U of M President reacts to governor signing higher education funding bill

Today, Minnesota Governor Mark Dayton signed the higher education funding bill, passed earlier this week by the Minnesota Legislature. On a biennial basis, the bill provides $30 million in new funding to the University of Minnesota Medical School, $22.2 million for operating costs to enable tuition relief and $1 million for Alzheimer's disease research. Additionally, a refinancing of bonds for TCF Bank Stadium will provide $10 million to begin planning for a new health sciences building.

In response, U of M President Eric W. Kaler issued the following statement:

“I would like to thank our legislators and the Governor for the additional investments in the University of Minnesota and, ultimately, the long-term health and well-being of our state.

The $15 million annual investment in the University’s Medical School is one I am particularly grateful for. These funds will strengthen the U’s research to address the state’s most pressing health care needs. It will also enable us to recruit more world-class physician-scientists who will join medical discovery teams and help further raise the Medical School’s national ranking and reputation.

While I appreciate the funds allocated for operating support, it falls short of what is needed to hold tuition increases to zero for Minnesota resident students system wide for another two years. This will impact approximately 53,000 students and families. About 70 percent of our undergraduates systemwide are Minnesota residents, and they and their families deserve more consideration at a time of significant state budget surplus. We have done our part to lessen the need for increased tuition revenue by reducing administrative costs by $39 million this biennium, with a plan to reduce an additional $30 million next biennium.

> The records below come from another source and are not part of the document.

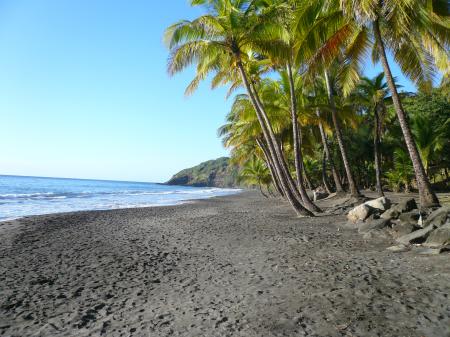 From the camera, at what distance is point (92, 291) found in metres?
5.43

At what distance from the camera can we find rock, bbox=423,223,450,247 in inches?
253

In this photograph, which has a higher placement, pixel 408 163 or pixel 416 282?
pixel 408 163

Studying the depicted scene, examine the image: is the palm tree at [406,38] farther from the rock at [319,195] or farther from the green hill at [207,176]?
the green hill at [207,176]

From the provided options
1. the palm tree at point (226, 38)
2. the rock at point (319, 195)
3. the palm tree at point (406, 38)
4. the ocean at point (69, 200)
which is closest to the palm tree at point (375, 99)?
the rock at point (319, 195)

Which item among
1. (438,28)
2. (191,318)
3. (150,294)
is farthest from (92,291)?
(438,28)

Minnesotans have high expectations of their U of M and we deliver on our comprehensive mission. From fighting avian flu to treating illness and disease in humans to protecting water quality and educating the next generation of leaders, a strong University of Minnesota is critical to our state’s economy and quality of life.

I look forward to working with the Governor and legislators to ensure the University remains accessible to our brightest students and maintains its reputation as a world-class institution.”

The University’s Board of Regents will review Kaler’s proposed FY16 operating and capital budgets at its meetings on June 11-12.